TASK PROMPT: Every record below is to be restated word for word, and no picture is to be copied.

==== PROVIDED ENTRIES ====

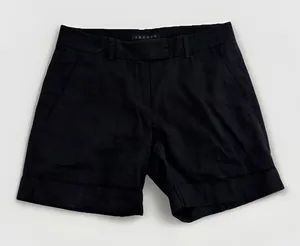 Theory Shorts Womens Size 00 Black Linen Blend Neutral Quiet Luxury thumbnail 1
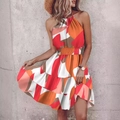 Detail of halter neck design and elastic high waist on geometric print summer dress - S / Three-color Flower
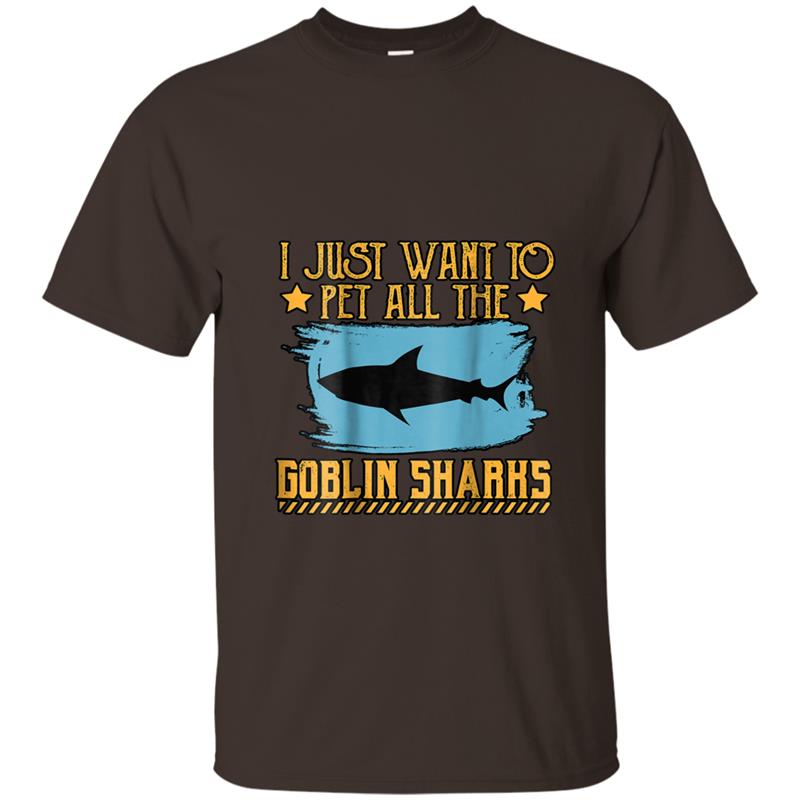 GOBLIN SHARK PETTING FUNNY PRINT ON BACK T-shirt-mt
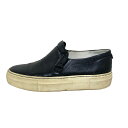 【中古】JILSANDER(ジルサンダー) スリッポン NAVY 黒 レザー(4)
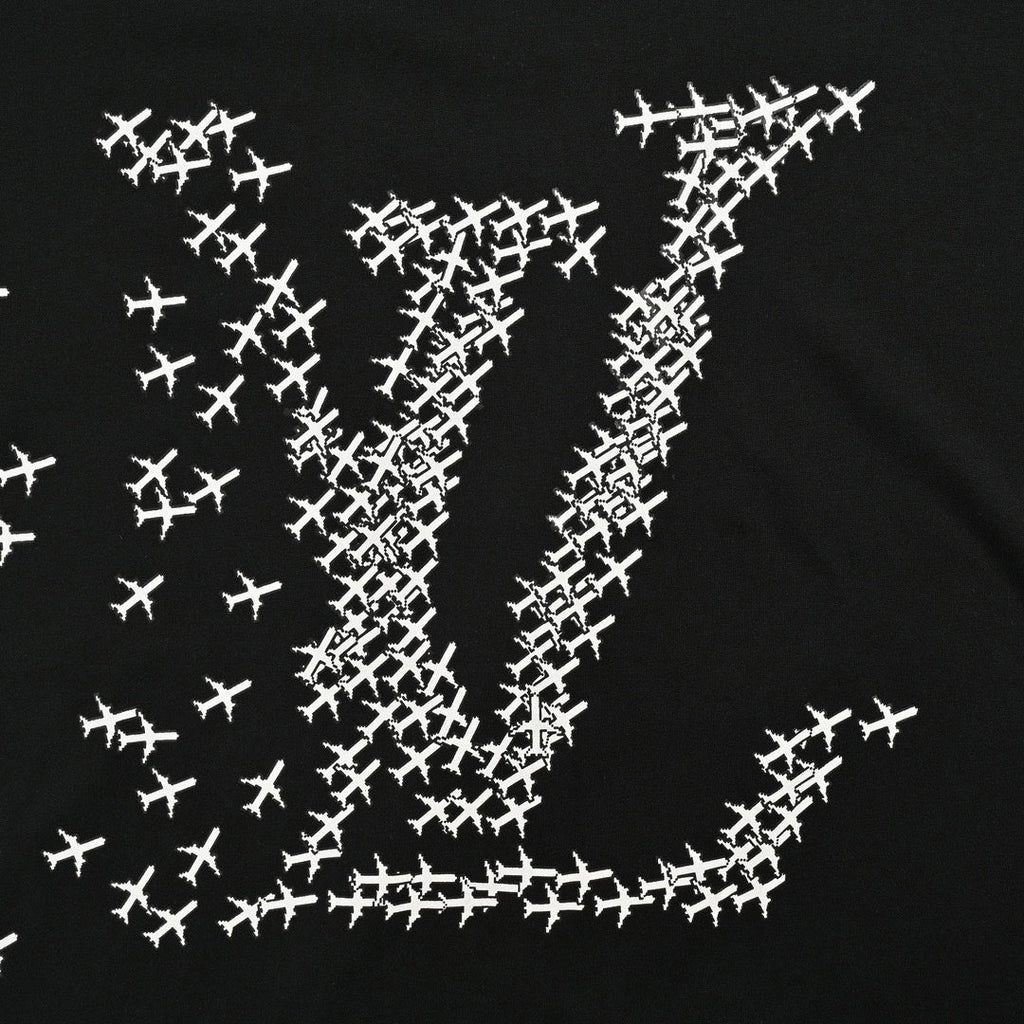 Airplane Motif LV Logo T-Shirt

====

SOLUTION TO THIS PROBLEM:
 Theory Shorts Womens Size 00 Black Linen Blend Neutral Quiet Luxury thumbnail 1
 Detail of halter neck design and elastic high waist on geometric print summer dress - S / Three-color Flower
 GOBLIN SHARK PETTING FUNNY PRINT ON BACK T-shirt-mt
 【中古】JILSANDER(ジルサンダー) スリッポン NAVY 黒 レザー(4)
 Airplane Motif LV Logo T-Shirt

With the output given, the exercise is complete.